I have yet to see a serious, insightful post about this story. A little googling turned up pics and data although I confess that I don't know what
16 kwh / 100 KM works out to in MPG.
The pictures I saw of the car look pretty nice. Congrats to the Chinese - if this turns out to be a quality vehicle, it may force the Big Three stragglers to dump some of their guzzlers and give
us clean, efficient vehicles we can depend on
Pain is merely failure leaving the body
One thing I have learned is never under estimate the Chinese, this is a country that has had a incredible GDP since the days of the silk road. One could have said the same about IBM and the computer. we all know how that went. It's not hard to reverse engineer and improve upon an existing design. The only hard part is consumer confidence and brand recognition. US Automaker have done such a good job of killing consumer confidence that most Americans no longer care where it's made cept the fact of the economy
When the first Japanese cars showed up in Europe in the 1970s, they were cheap but had a terrible reputation.
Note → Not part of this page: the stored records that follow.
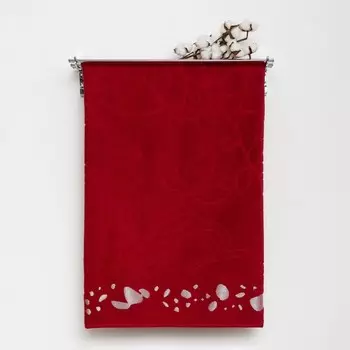 Полотенце махровое жаккардовое 70х130, красный 420 г/м, хлопок 100%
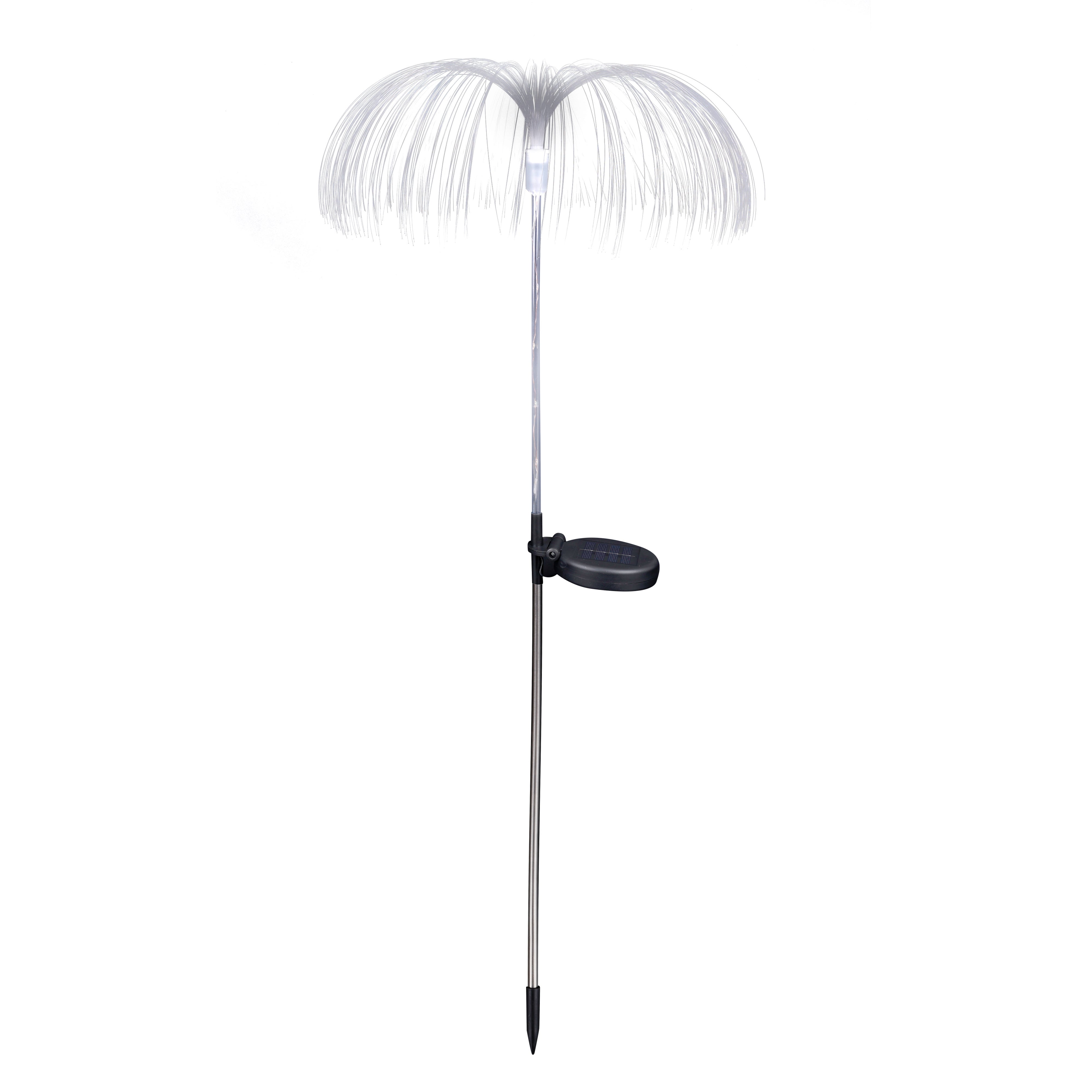 Lampa LED solarna wbijana meduza 77cm IP44 z czujnikiem zmierzchu ogrodowa lampka biała MasterLED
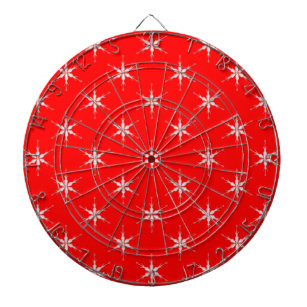 Glass Snowflakes On Red Background Dartboard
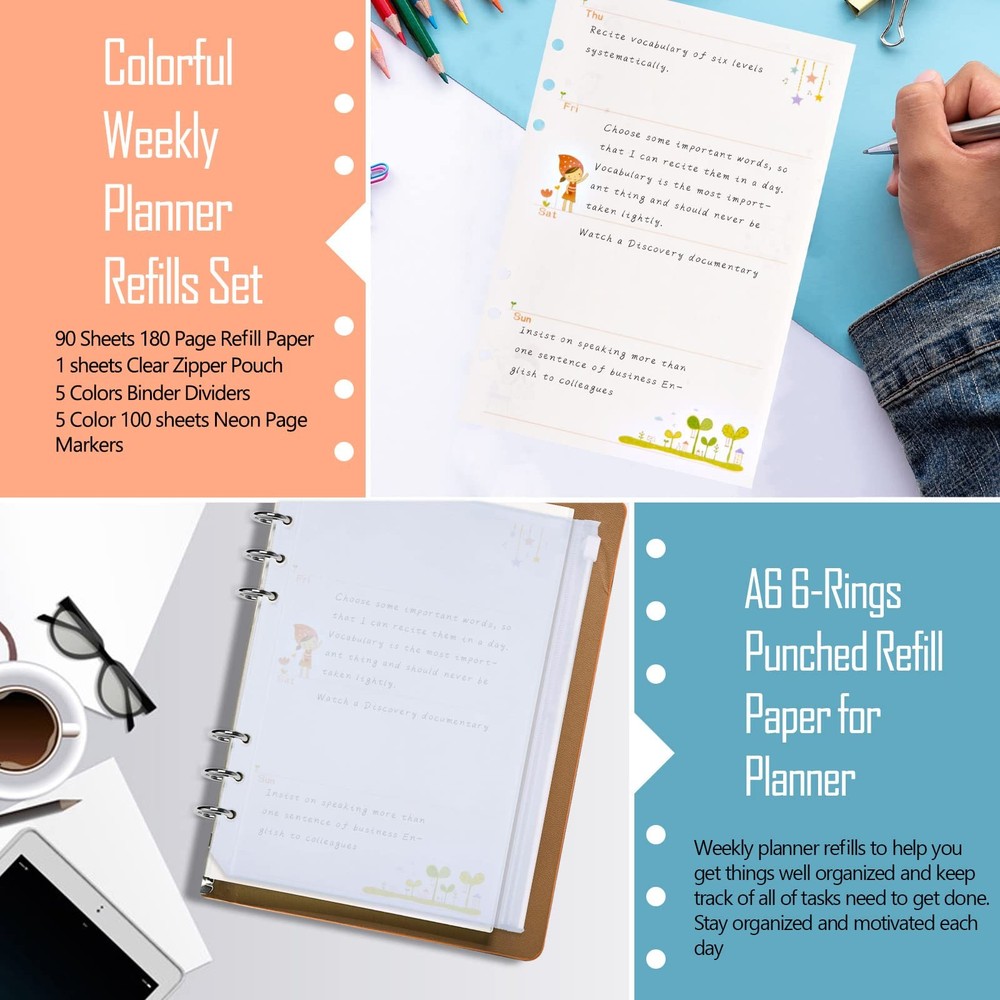 Rancco A6 Planner Inserts Weekly Refills, A6, Refills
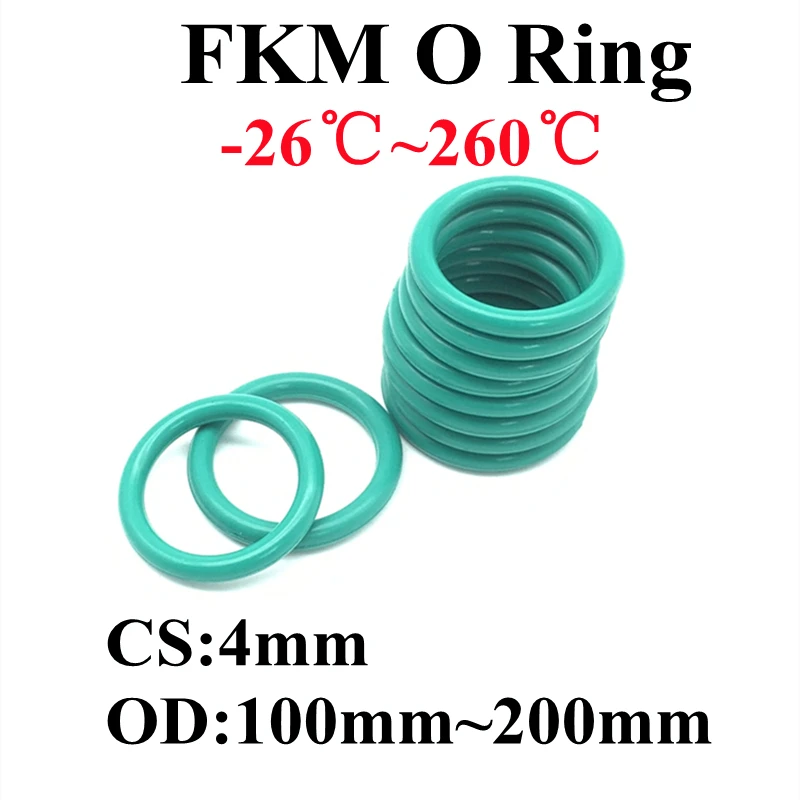 

2pcs Green FKM Fluorine Rubber O Ring CS 4mm OD 100mm ~ 200mm Sealing Gasket Insulation Oil High Temperature Resistance Green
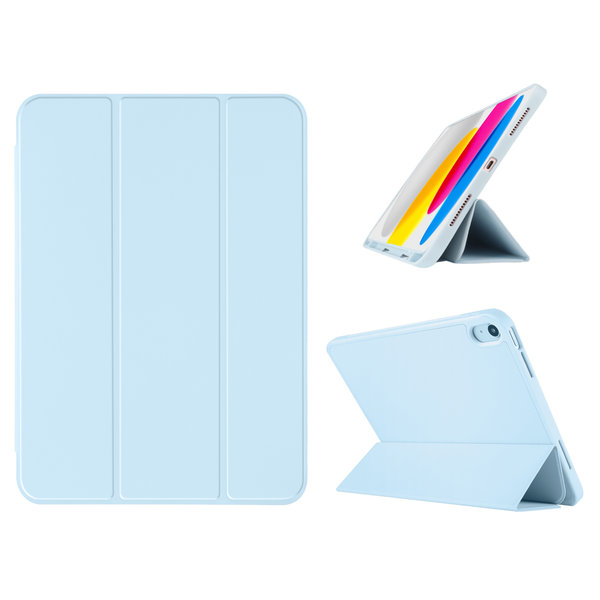 Ntech Hoes geschikt voor iPad 2022 10e Generatie (10.9 inch) met pencil houder - Smart bookcase - Licht Blauw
That has changed. Today they are on the same quality level (and almost as expensive) as European cars. Toyota even ruled the reliability/breakdown statistics for years, only recently some European models have retaken the lead.
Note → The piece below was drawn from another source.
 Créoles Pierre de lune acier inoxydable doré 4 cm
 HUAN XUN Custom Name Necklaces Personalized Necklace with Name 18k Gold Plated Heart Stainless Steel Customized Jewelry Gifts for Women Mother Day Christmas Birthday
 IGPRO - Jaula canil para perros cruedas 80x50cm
I expect that the same will happen with the Chinese cars. They may have not much experience in car making now, but 10 years from now things can look different.
C - the footgun of programming languages
That explains why a fair number of my graduating ME class went to work for Toyota in the states. They still engineer stuff in Detroit. Industrial Engineers still work in Alabama, TN, Indiana, etc. And those Engineering jobs aren't in China or India. Toyota, Honda, etc are in Japan. VW, BMW, Porsche, etc are in Germany.
I don't get where ./ers are convinced that India and China are full of brilliant engineers that are going to take all of our jobs. There's an Indian at work that came over from India. If you bring this subject up to him he'll explain to you that all the jobs we 'outsource' are just a step above what we give interns to do. Running electrical lines in ProE, etc.